<<<<

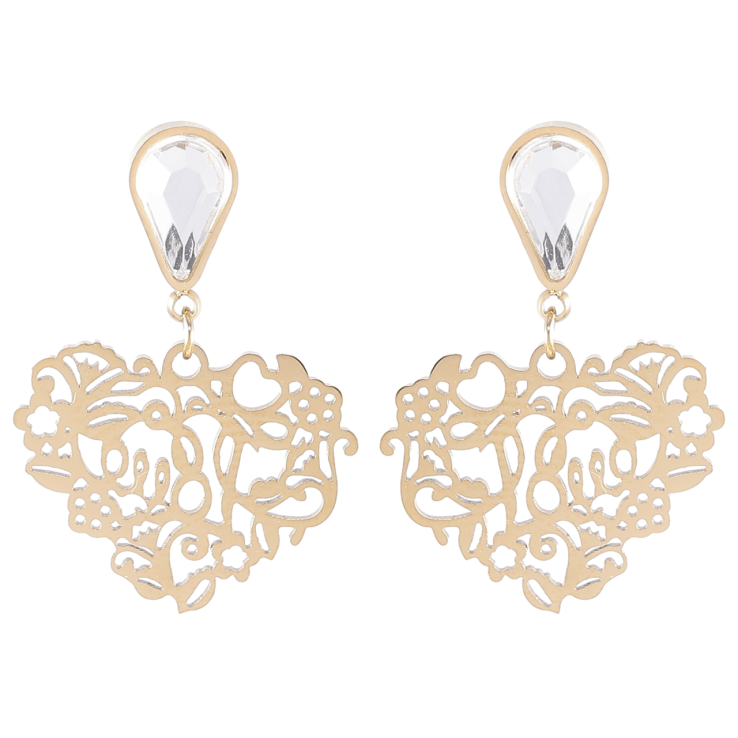 Серьги Xuping TTM Stainless Steel цвет 14K пусеты Подвески ажурные сердечки фото №12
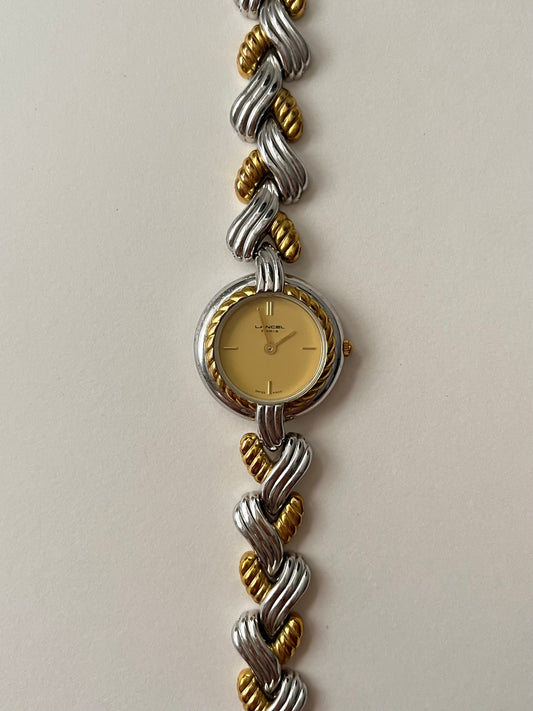 Beautiful Two Toned Swiss Made Watch with Braided Rope-Like Design
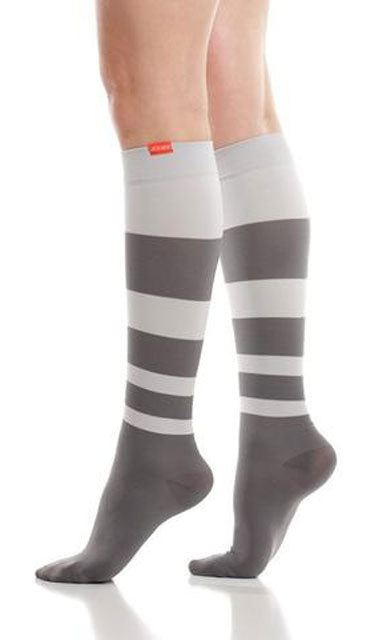 Nylon Stripe Charcoal Grey XL 15-20 mmHg Compression Socks by Vim & Vigr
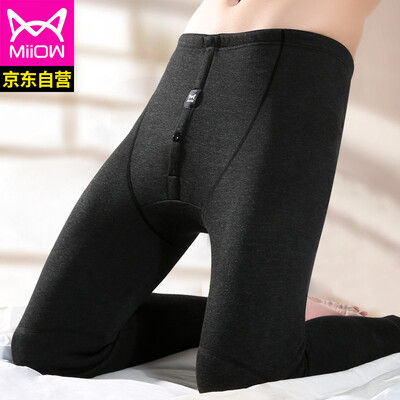 

Cat people warm pants men plus velvet thickening thread pants feet Slim bottoming pants SQF206003 black gray 16590 M
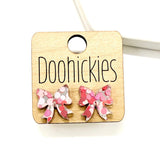 15mm Lovey Acrylic Bow Studs - Valentines Earrings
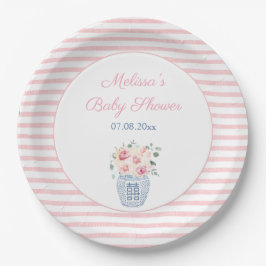 Sweet Pink und White Floral Girl Babydusche Party Pappteller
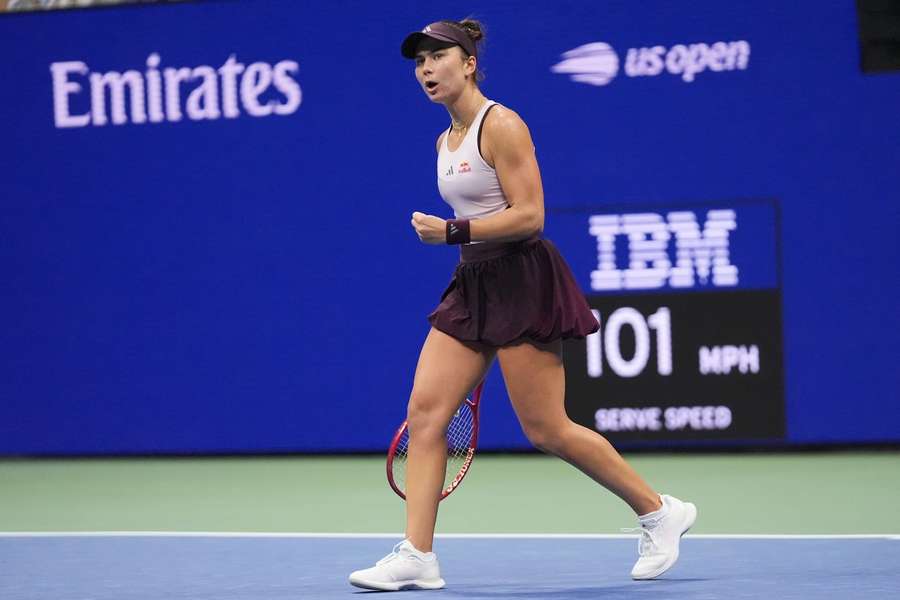 Iva Jovic reacts during match against Alexandra Eala at 2026 US Open Iva Jovic reacts during match against Alexandra Eala at 2026 US Open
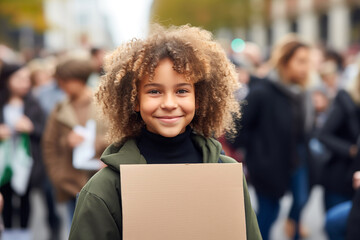Young Female Environmental Activist with a Protest Sign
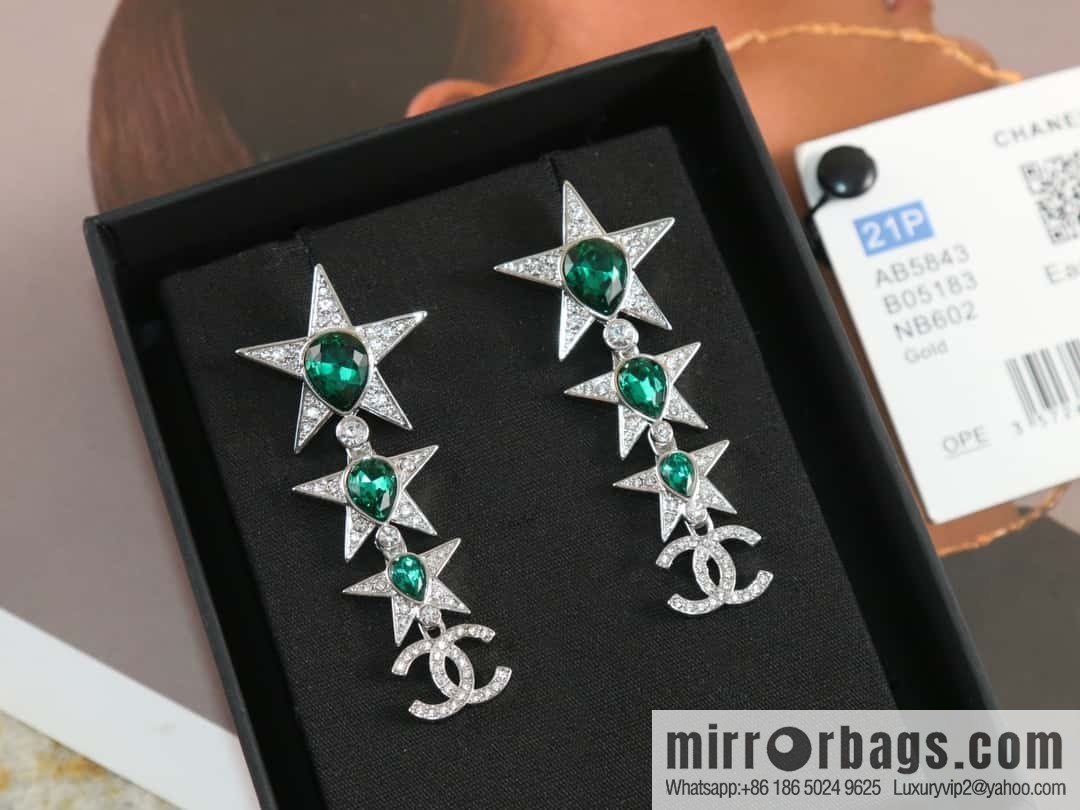 New ☑️ Chanel c4 double c full diamond emerald pentagram ⭐ star stud earrings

>>>>

Output only the lines that run from the line containing "US Open Iva" to the last line of the data, exactly as they stand and without pictures.

 Iva Jovic reacts during match against Alexandra Eala at 2026 US Open Iva Jovic reacts during match against Alexandra Eala at 2026 US Open
Young Female Environmental Activist with a Protest Sign
 New ☑️ Chanel c4 double c full diamond emerald pentagram ⭐ star stud earrings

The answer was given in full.